TO DO :: The job is to find each line in the entries holding the string "года" and copy that line.

DATASET EXTRACT ::
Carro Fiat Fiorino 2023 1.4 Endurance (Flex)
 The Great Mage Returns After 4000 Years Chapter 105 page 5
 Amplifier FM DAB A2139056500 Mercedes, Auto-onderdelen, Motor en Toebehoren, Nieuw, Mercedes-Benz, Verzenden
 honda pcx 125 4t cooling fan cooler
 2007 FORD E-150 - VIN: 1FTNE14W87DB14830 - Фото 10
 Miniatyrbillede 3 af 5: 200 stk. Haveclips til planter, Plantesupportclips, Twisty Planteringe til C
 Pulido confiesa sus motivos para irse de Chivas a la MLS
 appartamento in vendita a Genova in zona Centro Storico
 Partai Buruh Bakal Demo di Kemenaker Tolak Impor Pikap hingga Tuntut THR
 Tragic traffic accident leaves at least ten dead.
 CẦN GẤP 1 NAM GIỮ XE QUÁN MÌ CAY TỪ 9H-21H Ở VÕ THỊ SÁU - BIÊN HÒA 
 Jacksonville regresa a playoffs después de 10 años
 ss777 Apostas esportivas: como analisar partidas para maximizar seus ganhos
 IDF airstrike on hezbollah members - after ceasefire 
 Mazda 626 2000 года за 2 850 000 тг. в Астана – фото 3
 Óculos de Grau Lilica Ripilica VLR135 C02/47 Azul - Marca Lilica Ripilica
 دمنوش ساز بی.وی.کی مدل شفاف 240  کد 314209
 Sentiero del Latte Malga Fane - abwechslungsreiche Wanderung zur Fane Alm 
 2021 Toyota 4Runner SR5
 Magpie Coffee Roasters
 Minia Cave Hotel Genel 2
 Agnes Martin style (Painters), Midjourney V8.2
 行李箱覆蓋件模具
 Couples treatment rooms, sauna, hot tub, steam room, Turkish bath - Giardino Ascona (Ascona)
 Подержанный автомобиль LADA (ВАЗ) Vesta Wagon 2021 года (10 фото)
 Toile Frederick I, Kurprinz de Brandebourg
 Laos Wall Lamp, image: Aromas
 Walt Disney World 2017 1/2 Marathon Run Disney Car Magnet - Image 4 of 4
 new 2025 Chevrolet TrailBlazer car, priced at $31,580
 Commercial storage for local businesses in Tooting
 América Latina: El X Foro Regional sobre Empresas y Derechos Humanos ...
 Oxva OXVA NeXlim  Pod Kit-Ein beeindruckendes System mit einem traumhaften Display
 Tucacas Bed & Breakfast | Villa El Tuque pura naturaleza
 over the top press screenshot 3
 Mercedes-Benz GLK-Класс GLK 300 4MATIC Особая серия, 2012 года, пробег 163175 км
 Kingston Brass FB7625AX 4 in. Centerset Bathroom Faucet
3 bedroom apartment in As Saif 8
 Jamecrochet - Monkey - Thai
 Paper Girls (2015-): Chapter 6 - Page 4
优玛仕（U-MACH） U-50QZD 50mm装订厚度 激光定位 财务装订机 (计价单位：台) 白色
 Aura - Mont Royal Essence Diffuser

FINAL ANSWER ::
 Mazda 626 2000 года за 2 850 000 тг. в Астана – фото 3
 Подержанный автомобиль LADA (ВАЗ) Vesta Wagon 2021 года (10 фото)
 Mercedes-Benz GLK-Класс GLK 300 4MATIC Особая серия, 2012 года, пробег 163175 км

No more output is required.